Die Handlung dieses Buches dreht sich um verschiedene Männer, die sich ihrer Umwelt gegenüber absolut empathielos verhalten und sich scheinbar nur für sich selbst interessieren. Sie tun, was auch immer sie wollen und reagieren dann wie kleine Kinder überrascht darauf, dass ihr Handeln Konsequenzen mit sich bringt. Vielleicht finden sich in diesem Buch weiter hinten noch spannendere oder liebenswertere Figuren, die in mir mehr Gefühl als nur Frustration hervorrufen. Ich kann es euch nicht sagen, denn nach Seite 75 habe ich hier aufgegeben. Normalerweise zwinge ich mich zumindest, bis Seite 100 zu lesen, aber hier? Ich glaube, ich habe mir bereits jetzt schon ein Bild gemacht, das ausführlich genug ist, um meine Meinung begründen zu können.

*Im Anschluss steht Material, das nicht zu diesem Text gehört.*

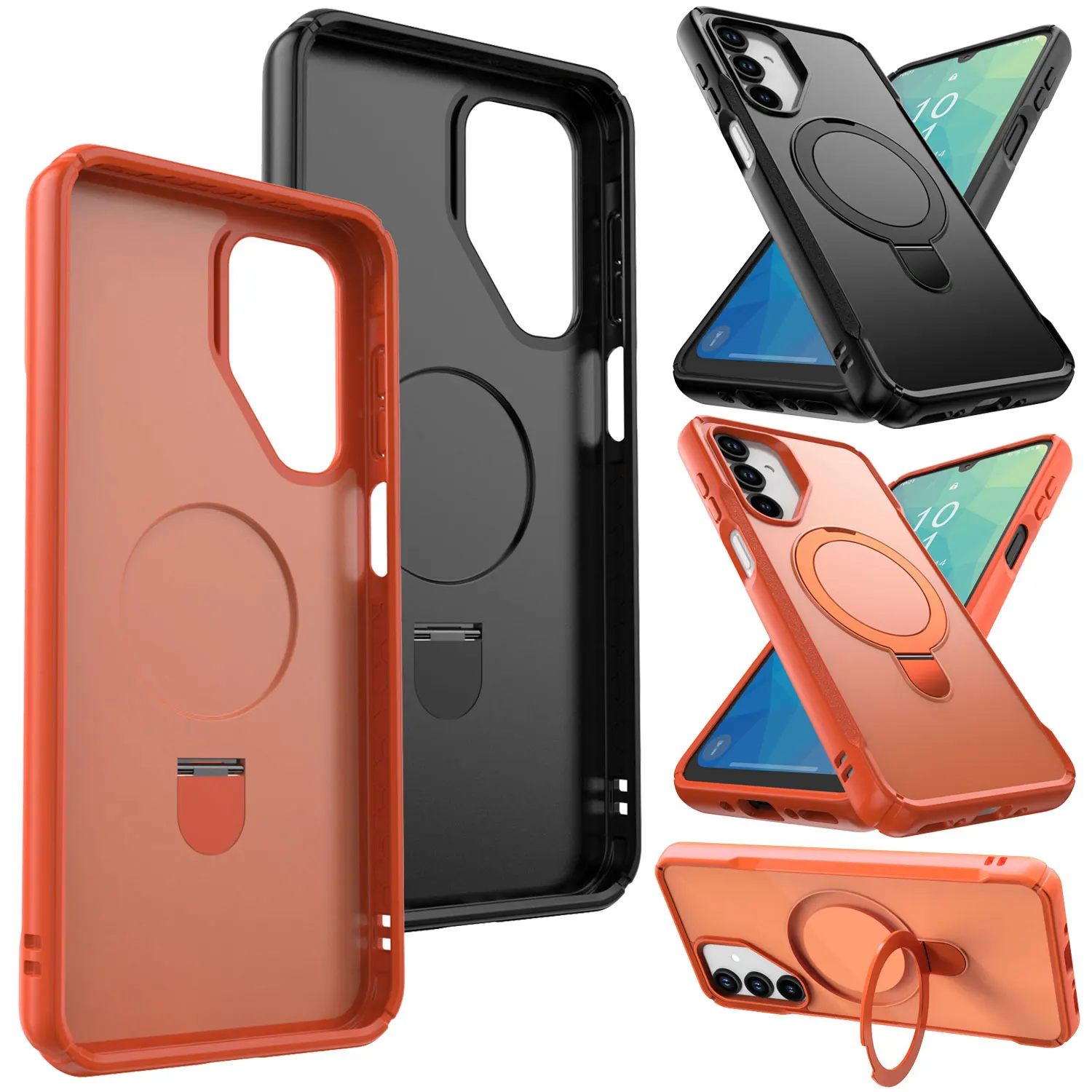 

Чехол для Samsung Galaxy A16 с магнитным кольцом-подставкой, ударопрочный, тонкий, защитный чехол для телефона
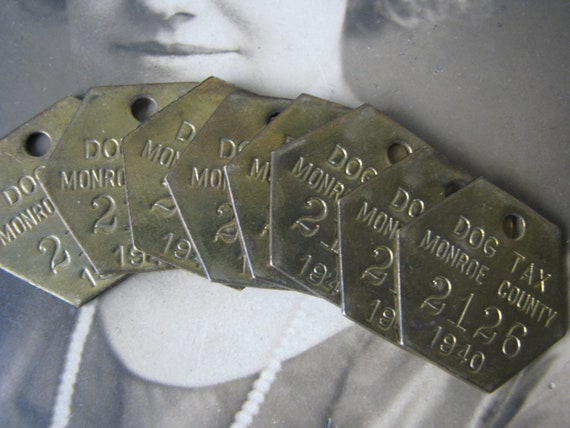 Vintage 1940 Brass Dog License Tag, Monroe Cnty, Steampunk Jewelry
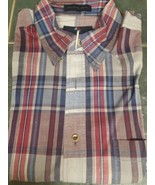 NWOT Enro Blue And Red Plaid Button Down Two Ply Long Sleeve Dress Shirt... - $12.16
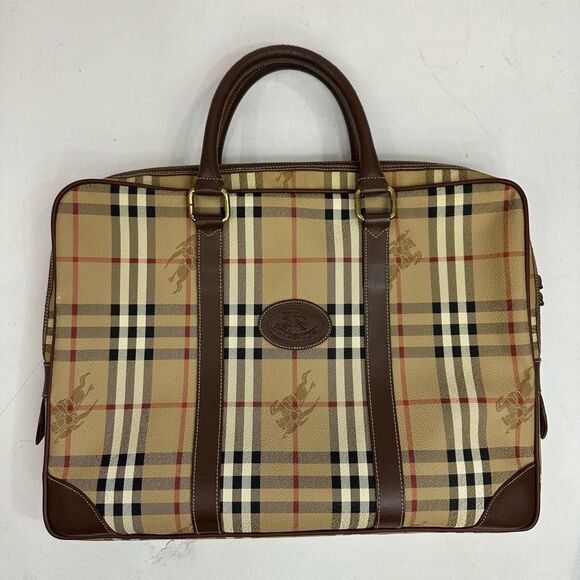 Vintage Burberry Coated Canvas Briefcase Laptop Case - Picture 1 of 12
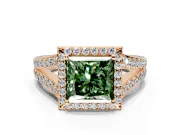 Halo Engagement Ring Setting for Fancy Green Princess Cut Center with Narrow Pave Split Shank and Prong Head in Rose Gold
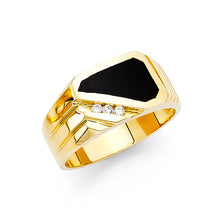 Ioka Jewelry - 14K Yellow Solid Gold 10MM Black Onyx with Cubic Zirconia Men's Ring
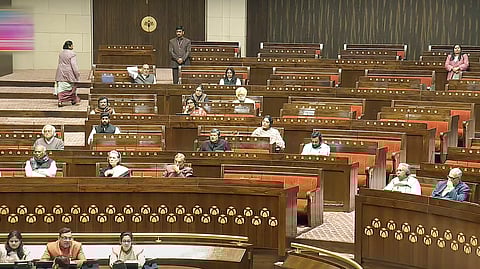 View of the Rajya Sabha during Budget session of Parliament, in New Delhi, Tuesday.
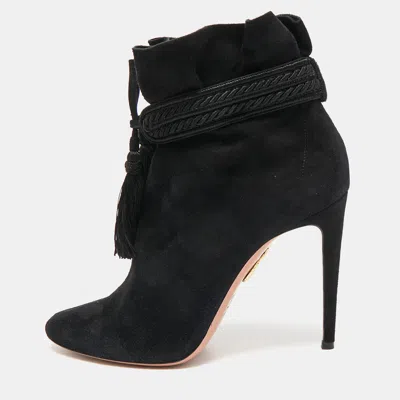 Pre-owned Aquazzura Black Suede Ankle Length Boots Size 41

Von der neuen App, von der uns ja schon im Klappentext erzählt wird, habe ich bisher leider auch noch nicht wirklich was mitbekommen. Was schade ist, denn diese App ist eigentlich der Grund, warum ich dieses Buch lesen wollte. Darüber bin ich vor allem deswegen überrascht, weil dieses Buch mit einem Kapitel aus der Sicht von Bix Bouton beginnt. Dann nach 75 Seiten festzustellen, dass diese gefeierte App noch nicht wirklich eine Rolle gespielt hat, war für mich dann doch eher überraschend. 

Mein Fazit? Das war leider gar nicht mein Fall. Schade.